The rates of late GI and GU toxicities were low, which Hunter said was reassuring. A competing risk regression analysis found that patients who underwent EBRT were most likely to experience GU toxicities ≥grade 2 in 10 years of follow-up and patients who received brachytherapy were least likely (11.2% vs 4.3%, respectively). In the 10 years after radical prostatectomy, 5.5% of patients had GU toxicities ≥grade 2. The risk of GU toxicity ≥grade 2 was 2.35-fold greater for men with diabetes at treatment outset than men who did not have diabetes when beginning therapy (P = .043).
Nobody in the radical prostatectomy group experienced late GI toxicity ≥grade 2, but the 10-year cumulative rate was 1.7 for patients in the brachytherapy arm and 7.8% for the EBRT group. According to Hunter, EBRT (P = .038) and diabetes (P = .008) were the only independent variables found to significantly increase patients’ risk of late GI toxicity of ≥grade 2.

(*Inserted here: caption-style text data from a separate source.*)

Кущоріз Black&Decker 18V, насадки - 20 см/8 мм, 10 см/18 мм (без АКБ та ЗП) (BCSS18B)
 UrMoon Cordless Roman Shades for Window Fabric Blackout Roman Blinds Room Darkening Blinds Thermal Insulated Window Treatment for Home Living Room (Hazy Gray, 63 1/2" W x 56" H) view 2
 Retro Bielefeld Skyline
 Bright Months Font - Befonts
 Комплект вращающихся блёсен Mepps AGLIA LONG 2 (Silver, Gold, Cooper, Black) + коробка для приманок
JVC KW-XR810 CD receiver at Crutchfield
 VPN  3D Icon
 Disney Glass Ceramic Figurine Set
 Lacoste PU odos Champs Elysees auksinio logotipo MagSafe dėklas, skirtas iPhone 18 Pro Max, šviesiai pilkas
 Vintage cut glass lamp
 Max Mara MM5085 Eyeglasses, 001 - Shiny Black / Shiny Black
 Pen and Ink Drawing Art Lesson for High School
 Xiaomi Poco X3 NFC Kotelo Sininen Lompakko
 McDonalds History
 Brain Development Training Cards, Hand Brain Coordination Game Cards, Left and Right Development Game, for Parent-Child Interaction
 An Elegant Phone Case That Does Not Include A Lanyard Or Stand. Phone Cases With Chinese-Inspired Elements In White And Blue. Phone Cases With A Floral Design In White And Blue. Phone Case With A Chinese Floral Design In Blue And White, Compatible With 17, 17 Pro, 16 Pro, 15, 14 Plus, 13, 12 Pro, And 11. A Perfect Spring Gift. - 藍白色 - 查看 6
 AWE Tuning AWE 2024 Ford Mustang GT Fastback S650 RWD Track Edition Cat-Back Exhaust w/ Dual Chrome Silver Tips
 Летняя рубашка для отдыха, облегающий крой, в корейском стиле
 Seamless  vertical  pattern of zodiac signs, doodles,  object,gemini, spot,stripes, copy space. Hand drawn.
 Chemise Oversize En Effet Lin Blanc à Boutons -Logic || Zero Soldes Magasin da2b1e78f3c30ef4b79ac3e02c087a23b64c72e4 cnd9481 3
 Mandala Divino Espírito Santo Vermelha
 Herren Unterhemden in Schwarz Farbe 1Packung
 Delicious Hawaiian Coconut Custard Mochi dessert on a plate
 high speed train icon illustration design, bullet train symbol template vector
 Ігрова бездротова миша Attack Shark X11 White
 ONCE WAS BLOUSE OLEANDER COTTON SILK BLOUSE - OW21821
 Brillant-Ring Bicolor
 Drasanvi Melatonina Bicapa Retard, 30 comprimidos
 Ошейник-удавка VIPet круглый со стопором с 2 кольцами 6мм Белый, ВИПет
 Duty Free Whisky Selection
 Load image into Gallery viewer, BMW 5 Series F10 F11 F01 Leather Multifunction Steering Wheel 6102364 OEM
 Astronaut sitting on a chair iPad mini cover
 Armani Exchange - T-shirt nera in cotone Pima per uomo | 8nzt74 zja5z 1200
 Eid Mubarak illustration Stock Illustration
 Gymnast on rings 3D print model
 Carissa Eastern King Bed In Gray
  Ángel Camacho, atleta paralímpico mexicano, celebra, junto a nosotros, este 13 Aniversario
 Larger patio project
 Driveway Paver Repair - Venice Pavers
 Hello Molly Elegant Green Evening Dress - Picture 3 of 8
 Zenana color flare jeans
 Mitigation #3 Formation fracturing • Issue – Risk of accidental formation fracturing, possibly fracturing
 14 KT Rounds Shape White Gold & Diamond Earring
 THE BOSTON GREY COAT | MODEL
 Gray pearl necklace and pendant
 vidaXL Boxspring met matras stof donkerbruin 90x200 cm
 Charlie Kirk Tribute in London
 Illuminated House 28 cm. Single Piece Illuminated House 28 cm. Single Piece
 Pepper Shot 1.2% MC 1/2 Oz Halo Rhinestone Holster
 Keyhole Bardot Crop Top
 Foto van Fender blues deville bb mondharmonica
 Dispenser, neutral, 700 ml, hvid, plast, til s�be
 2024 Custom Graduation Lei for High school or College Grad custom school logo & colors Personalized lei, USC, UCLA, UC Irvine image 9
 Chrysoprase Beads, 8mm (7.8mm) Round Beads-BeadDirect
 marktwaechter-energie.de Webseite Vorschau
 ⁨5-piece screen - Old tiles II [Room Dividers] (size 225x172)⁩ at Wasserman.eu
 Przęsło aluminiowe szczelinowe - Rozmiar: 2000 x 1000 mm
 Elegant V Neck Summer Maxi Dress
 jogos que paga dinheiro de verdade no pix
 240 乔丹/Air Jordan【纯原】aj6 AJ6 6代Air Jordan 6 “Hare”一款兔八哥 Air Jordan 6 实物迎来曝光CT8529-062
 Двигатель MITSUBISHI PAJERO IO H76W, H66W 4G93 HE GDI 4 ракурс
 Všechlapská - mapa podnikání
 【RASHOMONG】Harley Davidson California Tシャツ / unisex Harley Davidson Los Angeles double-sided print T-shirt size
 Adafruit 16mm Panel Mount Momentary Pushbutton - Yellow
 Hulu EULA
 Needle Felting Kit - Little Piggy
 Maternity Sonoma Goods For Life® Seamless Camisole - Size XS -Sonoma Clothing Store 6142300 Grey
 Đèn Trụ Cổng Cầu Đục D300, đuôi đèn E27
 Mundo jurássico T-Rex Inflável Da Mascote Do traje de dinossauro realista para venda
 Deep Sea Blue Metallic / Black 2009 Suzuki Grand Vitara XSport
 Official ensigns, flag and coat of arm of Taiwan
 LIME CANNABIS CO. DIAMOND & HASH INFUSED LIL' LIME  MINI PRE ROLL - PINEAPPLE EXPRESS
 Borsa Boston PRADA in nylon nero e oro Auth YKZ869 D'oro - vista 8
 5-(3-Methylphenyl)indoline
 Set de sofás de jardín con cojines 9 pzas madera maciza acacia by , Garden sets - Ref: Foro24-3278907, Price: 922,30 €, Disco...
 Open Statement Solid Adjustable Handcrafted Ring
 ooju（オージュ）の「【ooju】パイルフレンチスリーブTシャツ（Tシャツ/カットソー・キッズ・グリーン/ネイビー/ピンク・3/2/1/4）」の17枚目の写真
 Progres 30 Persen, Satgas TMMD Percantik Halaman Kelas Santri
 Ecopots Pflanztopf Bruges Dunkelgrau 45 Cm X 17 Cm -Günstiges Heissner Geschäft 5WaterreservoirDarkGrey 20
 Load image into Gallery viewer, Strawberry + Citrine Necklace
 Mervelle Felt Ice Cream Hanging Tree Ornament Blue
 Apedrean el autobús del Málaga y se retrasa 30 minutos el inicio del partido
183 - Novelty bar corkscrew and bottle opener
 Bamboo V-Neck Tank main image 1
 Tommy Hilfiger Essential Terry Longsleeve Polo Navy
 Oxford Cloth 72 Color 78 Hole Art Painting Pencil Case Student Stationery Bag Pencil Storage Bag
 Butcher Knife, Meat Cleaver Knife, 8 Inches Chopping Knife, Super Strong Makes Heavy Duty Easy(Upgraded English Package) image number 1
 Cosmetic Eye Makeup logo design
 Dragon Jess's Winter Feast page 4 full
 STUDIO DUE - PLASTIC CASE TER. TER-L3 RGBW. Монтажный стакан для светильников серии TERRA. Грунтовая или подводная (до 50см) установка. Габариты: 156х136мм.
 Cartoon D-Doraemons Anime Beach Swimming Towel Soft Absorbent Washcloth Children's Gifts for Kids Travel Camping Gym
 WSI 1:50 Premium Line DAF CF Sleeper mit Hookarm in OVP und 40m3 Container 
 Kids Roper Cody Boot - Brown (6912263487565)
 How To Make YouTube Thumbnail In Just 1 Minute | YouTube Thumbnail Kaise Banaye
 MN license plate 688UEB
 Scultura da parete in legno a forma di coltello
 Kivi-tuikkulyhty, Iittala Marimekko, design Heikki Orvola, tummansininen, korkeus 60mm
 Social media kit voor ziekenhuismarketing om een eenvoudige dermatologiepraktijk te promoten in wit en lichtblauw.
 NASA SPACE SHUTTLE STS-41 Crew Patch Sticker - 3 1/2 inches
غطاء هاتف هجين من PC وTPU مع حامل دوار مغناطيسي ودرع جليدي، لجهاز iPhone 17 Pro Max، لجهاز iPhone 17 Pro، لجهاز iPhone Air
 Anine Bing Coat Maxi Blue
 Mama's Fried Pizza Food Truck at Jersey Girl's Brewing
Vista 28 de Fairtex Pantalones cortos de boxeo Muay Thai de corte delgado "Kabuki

“This is the first study of this kind to look at all 3 treatment modalities in patients treated for prostate cancer,” said Hunter in an interview with The Oncology Nurse-APN/PA. “We thought this was something to look at because patients treated for prostate cancer tend to live a very long time and so the potential toxicity profiles are relevant.”
Hunter said it is important for oncology nursing professionals to be cognizant of the possibility for patients treated 7 or 8 years ago to experience late GI and GU toxicity. These patients have a “need for follow-up and need for care because of toxicity issues that are late, especially in patients who have diabetes when they undergo treatment,” he said.